> _Work instruction_
Please read the records below and return each line holding the string "Chenille".

(Short descriptive text snippets)
* * * * * * *
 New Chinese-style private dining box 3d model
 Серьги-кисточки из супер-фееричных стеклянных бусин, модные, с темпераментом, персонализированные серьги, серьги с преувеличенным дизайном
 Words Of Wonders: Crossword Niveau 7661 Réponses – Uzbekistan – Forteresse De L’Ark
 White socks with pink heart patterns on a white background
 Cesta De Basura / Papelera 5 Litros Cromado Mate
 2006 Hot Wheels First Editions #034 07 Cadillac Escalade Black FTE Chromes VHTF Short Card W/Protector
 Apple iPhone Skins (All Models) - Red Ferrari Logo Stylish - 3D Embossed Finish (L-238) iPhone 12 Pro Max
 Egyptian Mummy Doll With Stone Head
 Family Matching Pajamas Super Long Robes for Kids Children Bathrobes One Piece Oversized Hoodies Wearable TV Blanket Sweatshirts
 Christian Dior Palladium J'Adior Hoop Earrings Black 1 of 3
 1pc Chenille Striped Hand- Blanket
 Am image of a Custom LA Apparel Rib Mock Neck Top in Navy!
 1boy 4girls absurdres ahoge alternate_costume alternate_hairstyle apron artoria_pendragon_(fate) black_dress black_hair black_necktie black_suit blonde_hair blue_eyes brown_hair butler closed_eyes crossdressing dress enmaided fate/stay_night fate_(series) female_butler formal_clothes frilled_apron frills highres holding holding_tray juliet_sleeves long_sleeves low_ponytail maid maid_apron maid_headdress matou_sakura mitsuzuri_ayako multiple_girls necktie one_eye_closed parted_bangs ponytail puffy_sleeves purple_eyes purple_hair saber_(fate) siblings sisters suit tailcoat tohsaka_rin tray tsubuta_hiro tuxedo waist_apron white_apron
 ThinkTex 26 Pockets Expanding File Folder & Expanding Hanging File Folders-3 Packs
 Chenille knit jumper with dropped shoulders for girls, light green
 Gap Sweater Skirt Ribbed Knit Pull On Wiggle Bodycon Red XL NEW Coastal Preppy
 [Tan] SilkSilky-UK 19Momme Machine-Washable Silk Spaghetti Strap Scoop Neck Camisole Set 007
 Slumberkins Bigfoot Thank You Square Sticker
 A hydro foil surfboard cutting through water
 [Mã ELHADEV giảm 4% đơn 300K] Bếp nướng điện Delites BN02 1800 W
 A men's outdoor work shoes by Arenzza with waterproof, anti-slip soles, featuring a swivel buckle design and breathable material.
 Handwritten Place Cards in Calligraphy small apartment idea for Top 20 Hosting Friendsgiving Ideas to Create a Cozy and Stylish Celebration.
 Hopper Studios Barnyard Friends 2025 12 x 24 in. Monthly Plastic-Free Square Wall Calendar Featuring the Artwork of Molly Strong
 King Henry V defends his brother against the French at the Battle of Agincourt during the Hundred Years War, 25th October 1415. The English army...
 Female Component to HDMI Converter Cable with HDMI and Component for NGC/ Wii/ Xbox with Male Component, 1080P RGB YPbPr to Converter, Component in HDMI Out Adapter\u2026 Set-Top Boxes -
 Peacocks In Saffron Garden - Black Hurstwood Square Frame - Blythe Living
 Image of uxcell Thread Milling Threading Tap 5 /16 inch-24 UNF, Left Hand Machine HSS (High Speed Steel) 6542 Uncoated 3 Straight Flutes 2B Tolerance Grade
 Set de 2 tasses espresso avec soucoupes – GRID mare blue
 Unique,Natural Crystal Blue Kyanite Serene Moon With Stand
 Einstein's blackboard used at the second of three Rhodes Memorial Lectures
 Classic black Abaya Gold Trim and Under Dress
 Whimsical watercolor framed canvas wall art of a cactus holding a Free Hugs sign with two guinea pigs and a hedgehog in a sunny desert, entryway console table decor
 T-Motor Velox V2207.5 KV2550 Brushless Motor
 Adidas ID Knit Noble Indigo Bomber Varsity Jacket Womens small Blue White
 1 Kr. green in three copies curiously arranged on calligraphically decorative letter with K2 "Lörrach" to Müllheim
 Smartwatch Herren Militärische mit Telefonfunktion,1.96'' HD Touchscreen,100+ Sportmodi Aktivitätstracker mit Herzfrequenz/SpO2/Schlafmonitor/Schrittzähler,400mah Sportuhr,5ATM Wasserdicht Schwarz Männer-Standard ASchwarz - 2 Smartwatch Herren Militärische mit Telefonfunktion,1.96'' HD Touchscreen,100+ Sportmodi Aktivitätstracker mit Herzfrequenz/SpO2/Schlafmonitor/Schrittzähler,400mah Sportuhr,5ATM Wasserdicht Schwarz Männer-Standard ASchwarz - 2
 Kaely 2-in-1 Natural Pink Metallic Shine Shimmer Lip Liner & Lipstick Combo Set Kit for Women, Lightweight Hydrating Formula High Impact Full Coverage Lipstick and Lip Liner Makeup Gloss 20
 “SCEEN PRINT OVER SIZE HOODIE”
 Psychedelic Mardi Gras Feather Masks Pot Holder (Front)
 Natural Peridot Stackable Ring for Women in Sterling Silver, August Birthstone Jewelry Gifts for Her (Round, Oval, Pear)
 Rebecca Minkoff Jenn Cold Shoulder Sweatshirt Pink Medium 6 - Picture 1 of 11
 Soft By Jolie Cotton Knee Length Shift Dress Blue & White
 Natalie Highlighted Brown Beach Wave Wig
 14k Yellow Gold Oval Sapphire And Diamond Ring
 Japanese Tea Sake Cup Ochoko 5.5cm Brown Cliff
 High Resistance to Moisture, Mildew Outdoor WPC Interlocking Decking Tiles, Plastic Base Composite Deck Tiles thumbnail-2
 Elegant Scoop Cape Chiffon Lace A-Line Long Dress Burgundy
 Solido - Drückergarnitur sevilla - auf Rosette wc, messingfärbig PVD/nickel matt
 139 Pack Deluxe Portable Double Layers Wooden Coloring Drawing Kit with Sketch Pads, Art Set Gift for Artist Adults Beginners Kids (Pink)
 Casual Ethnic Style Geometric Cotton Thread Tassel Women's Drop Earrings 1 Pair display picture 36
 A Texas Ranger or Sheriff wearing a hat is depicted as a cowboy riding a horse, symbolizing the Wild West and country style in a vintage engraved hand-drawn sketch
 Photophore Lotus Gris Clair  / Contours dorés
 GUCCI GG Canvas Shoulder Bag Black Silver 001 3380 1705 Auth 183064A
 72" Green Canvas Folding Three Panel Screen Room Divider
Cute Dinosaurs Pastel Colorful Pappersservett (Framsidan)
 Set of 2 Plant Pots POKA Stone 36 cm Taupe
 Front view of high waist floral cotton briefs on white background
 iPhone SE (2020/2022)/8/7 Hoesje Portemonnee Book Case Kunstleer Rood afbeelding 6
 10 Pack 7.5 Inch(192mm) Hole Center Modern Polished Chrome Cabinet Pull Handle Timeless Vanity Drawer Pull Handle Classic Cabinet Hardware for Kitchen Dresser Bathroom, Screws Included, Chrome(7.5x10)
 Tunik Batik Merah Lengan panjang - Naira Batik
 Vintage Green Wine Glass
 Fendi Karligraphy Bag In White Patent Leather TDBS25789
* * * * * * *
> _Response_
 1pc Chenille Striped Hand- Blanket
 Chenille knit jumper with dropped shoulders for girls, light green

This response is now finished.